Ty resisted the urge to growl. It was a nuisance, but he knew his father was right. Bites were nasty business at any time, but out here where they were miles away from anything resembling sanitary conditions, it could turn deadly very fast. Of all the wounds the others had suffered during their escapades, this was probably the most dangerous, as embarrassing as it was. “Yes, sir,” Ty muttered with a nod.

“I’ll get a clean T-shirt,” Deuce mumbled as he climbed to his feet.

Zane’s lips twitched as he stayed there next to Ty. He crouched down next to his partner. “So. Just a nice stretch of the legs on the mountain. No problem,” he said conversationally.

“It’s not entirely going to plan,” Ty muttered as he looked away from Zane, flushing a bit.

Zane snorted. “With us, when does it ever?”

Ty glanced over at him, met his eyes for a moment, and smirked crookedly. “I can think of a few times.”

Their eyes met briefly, and Ty felt more words on the tip of his tongue, but the jarring sound of material ripping interrupted any further conversation. Deuce was methodically cutting a brown T-shirt into thin strips. “Hey!” Ty called out. “Not that one!” he protested as he pointed at the shirt. The Schitt Creek Paddle Co. shirt was one of his very favorites. “That’s a lucky shirt!”

“Deal with it, Meow Mix,” Deuce advised as he carefully draped the strips over his shoulder to keep them clean.

“The Phillies will never win again if you tear up that shirt,” Ty told Deuce threateningly.

“We don’t need your lucky shirts,” Deuce claimed with a smirk. “Save those for your damn Redskins.”

“You can get a new shirt,” Zane pointed out. “New hand, not so much.”

“New hand, nothing,” Earl broke in as he knelt and began rummaging through his pack. “It gets infected and you won’t make it off the mountain.”

“Being a little dramatic about it, aren’t you?” Ty asked him with a small, hopeful smile.

His father turned his head and met his eyes. “No.”

Standing up, Zane took Ty’s good hand and pulled him to his feet. When Ty stood, though, his head swam, and he wavered. Zane placed a supportive hand on his lower back. “You okay?” he asked, his voice exposing new concern.

Ty nodded and brushed him off. “I’m good,” he muttered as he looked down at his hand. “Okay,” he sighed as he started trying to think of a way to immobilize the wounded fingers. Earl was right—the less he moved them the better. If an infection did get into the joints, it would spread faster if he were using the fingers. Besides, they hurt like a bitch.

Ty looked around the clearing, frustrated by how muddled his thoughts seemed to be. The pain when he kept his hand at his side was distracting, and he raised it up and cradled it to his chest unconsciously.

Finally, he turned and looked back at Zane appraisingly. “How much of your gear do you really need?” he asked.

“Just the canteen.

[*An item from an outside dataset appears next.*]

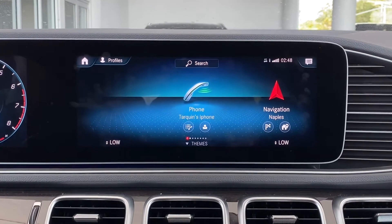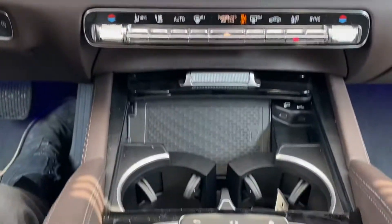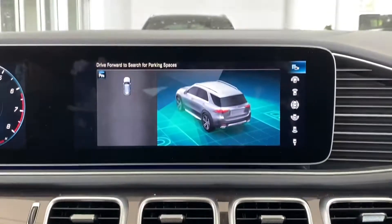Hey guys, this is a quick video showing you your 360 degree parking cameras. Right down in your center console here, if you push this P with a camera button, it'll bring you right to this screen.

Everything else important is on me,” Zane answered. Ty knew he meant his weapons. “The duffel we can leave behind.”

“No, no,” Ty corrected as he made a “hand it over” gesture with his good fingers. “The duffel’s what I need.”

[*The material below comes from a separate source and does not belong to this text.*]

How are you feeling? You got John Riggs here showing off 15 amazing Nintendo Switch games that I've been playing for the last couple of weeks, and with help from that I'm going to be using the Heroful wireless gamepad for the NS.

Frowning again, Zane shrugged and took the several steps to snag it and bring it back, holding it out for Ty to take.

Ty nodded his thanks and took the bag, unzipping it with difficulty as he knelt. He dumped the contents onto the ground and then slid the hunting knife from its sheath at his thigh and began slicing into the thick padding of the shoulder straps.

Zane watched as Ty started cutting up the bag. “Are you making a sling?” he asked after a few moments.

“No, but that would have been brilliant of me,” Ty answered as he glanced up at Zane and smiled slightly. “I’m making a splint,” he added as the smile fell. “Pretty sure something broke in there. A little wrapping with that damn duct tape and this padding should be hard enough to do it.”

Nodding, Zane knelt down next to him and grabbed the roll of silver duct tape they’d been using to tape the prisoners up. “Let’s get you wrapped up then,” Zane said to him.

Ty knew that he couldn’t manage the feat with just one hand, and he relented with a grunt of displeasure. “Try to mold it as you wrap it,” he advised as he held out his injured hand in the shape that would work best. “Just curve the end of it.”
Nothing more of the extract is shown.